- _Task directions_: Would you give again, exactly, the lines running from the line with "Ramones Crop Tee" to the end of the data below, both included?

- _Data section_:

== Segment start ==

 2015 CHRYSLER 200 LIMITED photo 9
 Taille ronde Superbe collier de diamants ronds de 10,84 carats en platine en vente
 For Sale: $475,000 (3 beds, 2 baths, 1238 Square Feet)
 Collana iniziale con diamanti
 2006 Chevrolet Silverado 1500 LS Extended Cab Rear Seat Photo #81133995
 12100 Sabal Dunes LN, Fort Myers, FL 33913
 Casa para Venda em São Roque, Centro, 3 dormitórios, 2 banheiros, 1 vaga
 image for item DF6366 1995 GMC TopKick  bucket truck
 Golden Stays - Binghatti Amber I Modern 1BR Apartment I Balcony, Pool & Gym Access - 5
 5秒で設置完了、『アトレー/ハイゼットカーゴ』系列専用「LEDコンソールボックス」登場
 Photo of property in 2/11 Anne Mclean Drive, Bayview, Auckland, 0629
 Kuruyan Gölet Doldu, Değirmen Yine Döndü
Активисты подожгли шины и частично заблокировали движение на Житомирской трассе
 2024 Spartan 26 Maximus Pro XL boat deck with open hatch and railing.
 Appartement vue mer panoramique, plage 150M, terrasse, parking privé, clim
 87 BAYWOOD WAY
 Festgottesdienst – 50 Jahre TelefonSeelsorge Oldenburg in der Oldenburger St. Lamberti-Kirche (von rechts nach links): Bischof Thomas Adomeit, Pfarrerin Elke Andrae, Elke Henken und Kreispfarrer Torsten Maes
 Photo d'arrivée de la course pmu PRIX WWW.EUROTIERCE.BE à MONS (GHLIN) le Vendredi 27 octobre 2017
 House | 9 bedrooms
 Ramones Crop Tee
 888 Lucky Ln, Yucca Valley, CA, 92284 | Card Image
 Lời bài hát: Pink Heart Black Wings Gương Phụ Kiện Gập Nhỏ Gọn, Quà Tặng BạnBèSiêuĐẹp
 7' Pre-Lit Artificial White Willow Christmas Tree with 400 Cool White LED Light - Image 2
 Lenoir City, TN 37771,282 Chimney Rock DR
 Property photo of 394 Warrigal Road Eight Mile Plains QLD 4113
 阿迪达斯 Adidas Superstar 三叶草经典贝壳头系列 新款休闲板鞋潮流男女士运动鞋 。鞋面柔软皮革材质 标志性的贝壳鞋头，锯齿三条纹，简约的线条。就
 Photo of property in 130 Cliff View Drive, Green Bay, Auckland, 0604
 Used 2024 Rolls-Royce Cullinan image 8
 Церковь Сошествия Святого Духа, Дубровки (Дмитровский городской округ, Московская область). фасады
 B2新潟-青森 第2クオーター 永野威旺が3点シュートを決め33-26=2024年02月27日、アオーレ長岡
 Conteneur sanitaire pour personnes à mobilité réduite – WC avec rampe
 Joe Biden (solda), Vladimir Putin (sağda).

== Segment end ==

- _Output_:
 Ramones Crop Tee
 888 Lucky Ln, Yucca Valley, CA, 92284 | Card Image
 Lời bài hát: Pink Heart Black Wings Gương Phụ Kiện Gập Nhỏ Gọn, Quà Tặng BạnBèSiêuĐẹp
 7' Pre-Lit Artificial White Willow Christmas Tree with 400 Cool White LED Light - Image 2
 Lenoir City, TN 37771,282 Chimney Rock DR
 Property photo of 394 Warrigal Road Eight Mile Plains QLD 4113
 阿迪达斯 Adidas Superstar 三叶草经典贝壳头系列 新款休闲板鞋潮流男女士运动鞋 。鞋面柔软皮革材质 标志性的贝壳鞋头，锯齿三条纹，简约的线条。就
 Photo of property in 130 Cliff View Drive, Green Bay, Auckland, 0604
 Used 2024 Rolls-Royce Cullinan image 8
 Церковь Сошествия Святого Духа, Дубровки (Дмитровский городской округ, Московская область). фасады
 B2新潟-青森 第2クオーター 永野威旺が3点シュートを決め33-26=2024年02月27日、アオーレ長岡
 Conteneur sanitaire pour personnes à mobilité réduite – WC avec rampe
 Joe Biden (solda), Vladimir Putin (sağda).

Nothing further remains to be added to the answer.